■ Task prompt ■
Output exactly, in the material below, the lines from the one with "Puzzle 1000 Teile" through the one with "Locandina dei percorsi". Omit all pictures.

■ Extracted material ■
»»

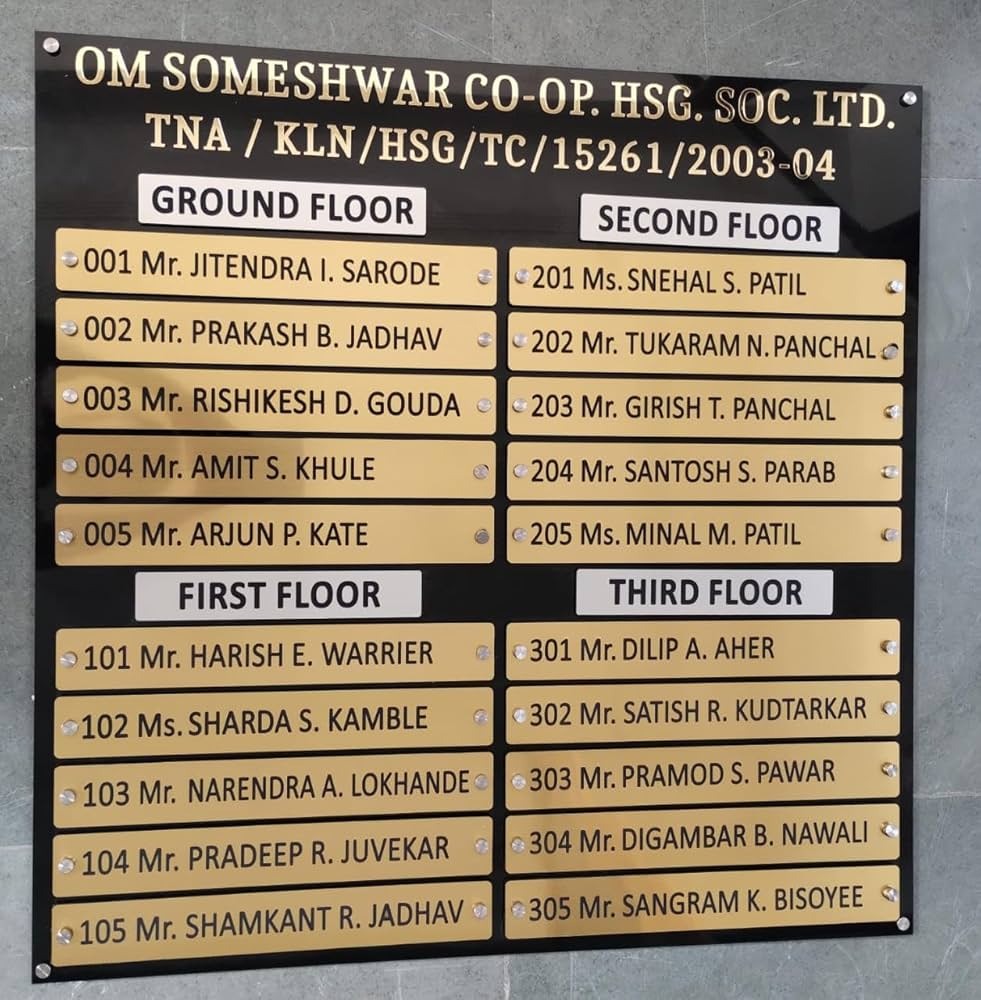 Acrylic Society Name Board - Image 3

««
»»

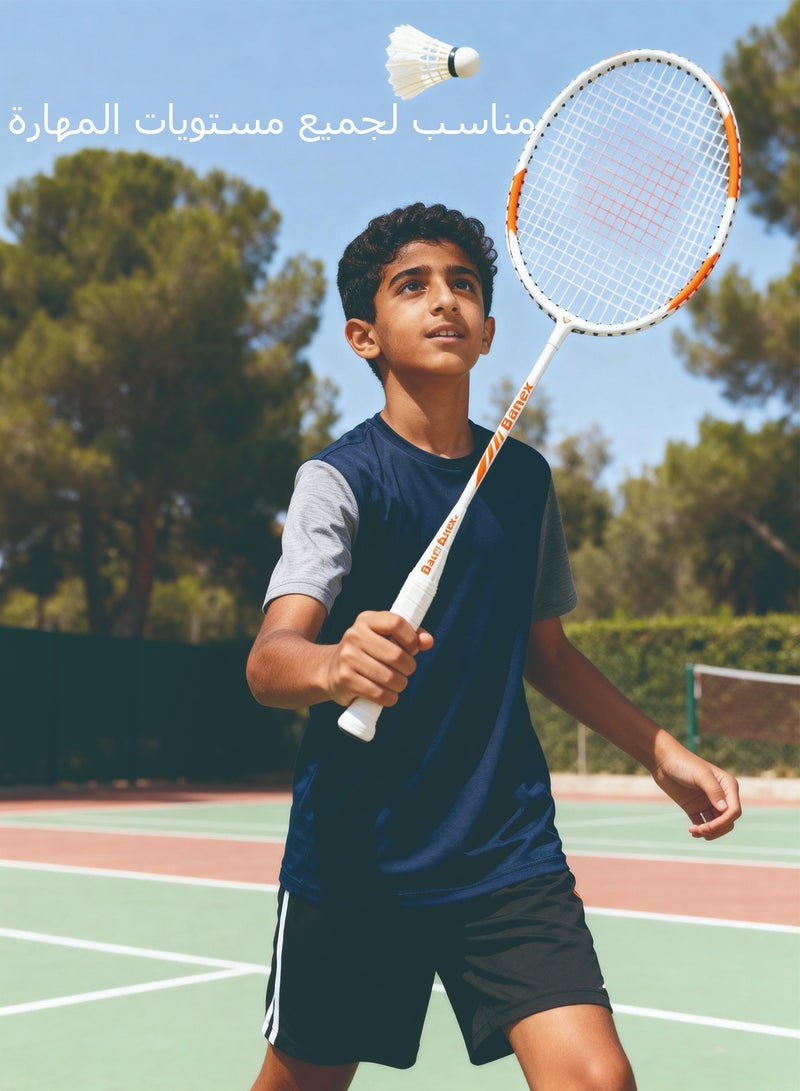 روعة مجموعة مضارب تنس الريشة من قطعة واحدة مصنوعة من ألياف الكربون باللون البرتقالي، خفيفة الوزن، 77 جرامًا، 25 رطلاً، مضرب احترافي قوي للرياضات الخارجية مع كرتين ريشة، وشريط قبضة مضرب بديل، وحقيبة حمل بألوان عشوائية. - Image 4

««
»»

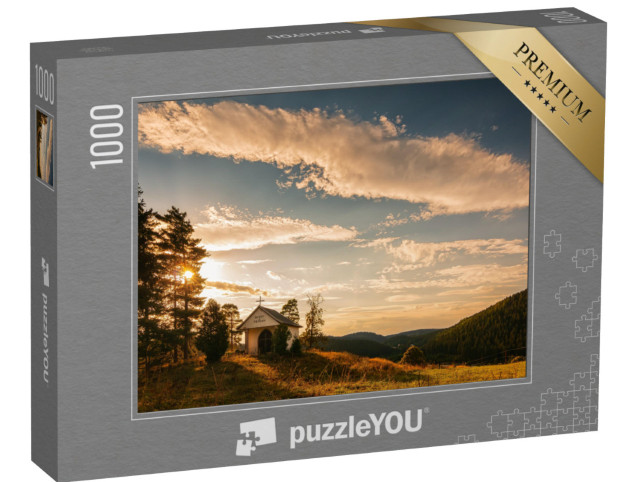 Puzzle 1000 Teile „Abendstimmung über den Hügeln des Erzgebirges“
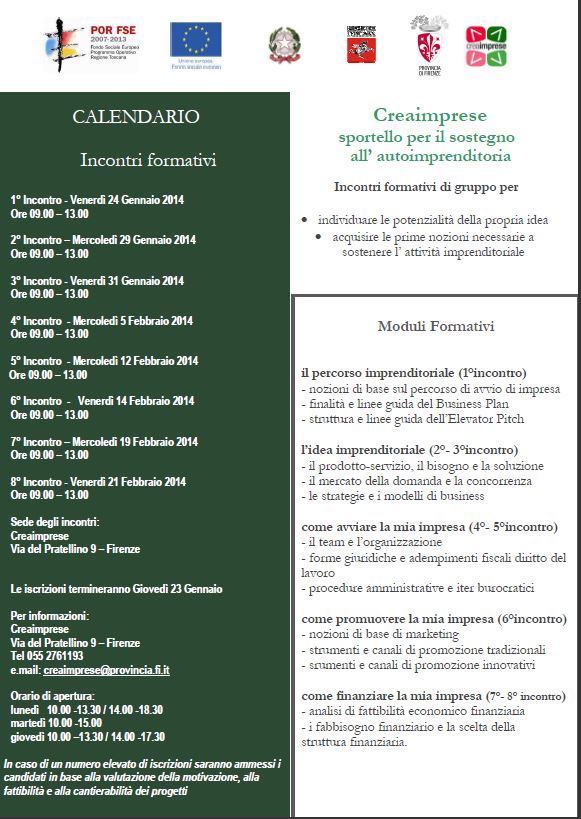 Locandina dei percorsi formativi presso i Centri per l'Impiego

««

■ Result of the task ■
 Puzzle 1000 Teile „Abendstimmung über den Hügeln des Erzgebirges“
 Locandina dei percorsi formativi presso i Centri per l'Impiego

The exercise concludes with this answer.